From: Linda Walsh (law@sgi.com)
Date: Sat Mar 25 2000 - 19:01:34 EST


> > For your system, since you aren't running mission critical stuff, you
> >can choose to allocate 1G of Vmem, and implement 'killing' on the above
> >formula. But the *simple* behavior should be the most predictable -- that
> >of "no mem" resulting in ENOMEM on calls asking for memory.
>
> Why bother, when there is a definate disadvantage go doing so, and your
> process can run OOM without getting ENOMEM anyway?

---
	The idea is *predictability*.  Guarantees of behavior.  Your user
deamon is fine for many cases, but it's execution is not deterministic.  
What's in the config files may or may not represent what is in memory (assuming
it can be sent a HUP to reread).  It may be paged out to disk or even in
memory -- may get insufficient priority if real-time processes have priority.

If I'm running as an end user -- you would expect me to go read the memory priority policy of the 'hour' to know how my programs will behave? That's not acceptable -- and it is even questionable whether or not on a secure system you'd want to make that information readable by all. On a timeshare system at UCSB, it can make sense to have some sludge'n'fudge on how this topic is handled.

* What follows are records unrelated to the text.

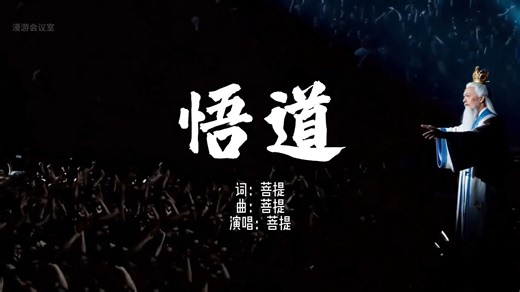 菩提祖师单曲《悟道》：日后你惹出祸来，不把师父说出来就行了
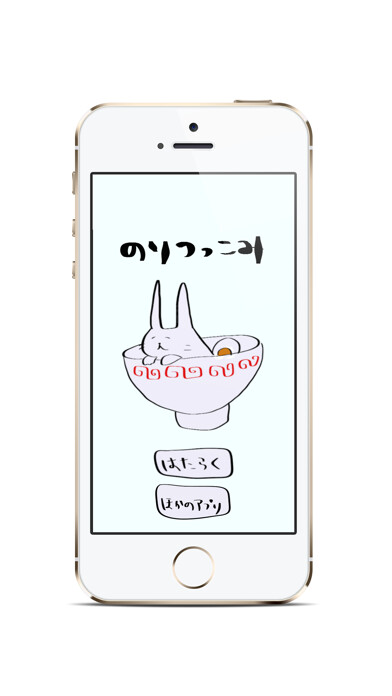 Emulate iPhone app Ramen Job using MyAndroid
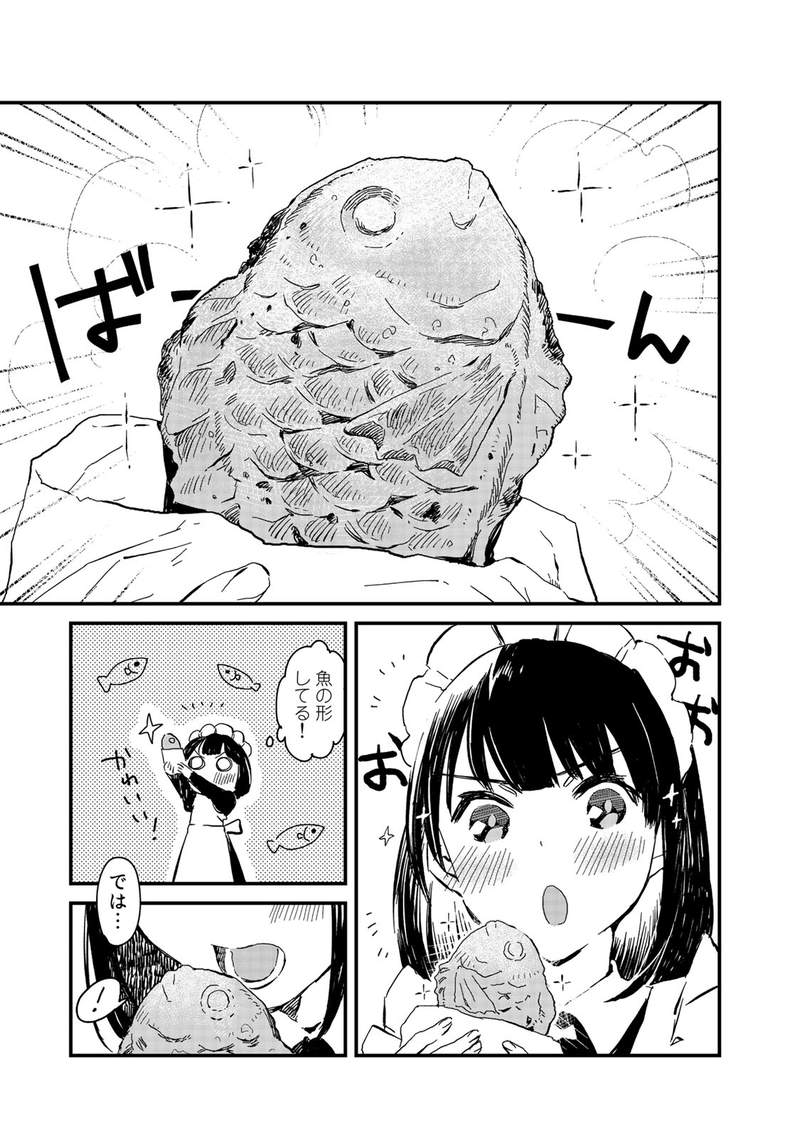 圖片6 圖片6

On a secure/mission critical system you need the ability to have high integrity, easily predictable systems. Complexity while perhaps proportional to usefulness is inversely proportional to integrity.

You do the user-space demon -- it's a great idea. But let's also agree to implement the vswap idea to allow overcommit or not. That way you can have the behavior you want, and I can have the behavior I *need* and we can both have a 'win-win' situation....? No? Just like for the 2.3 series you have to add a 'shm' entry to continue to use shared memory, in 2.5 somewhere, you can just add a 'vswap' entry to continue to do overcommit.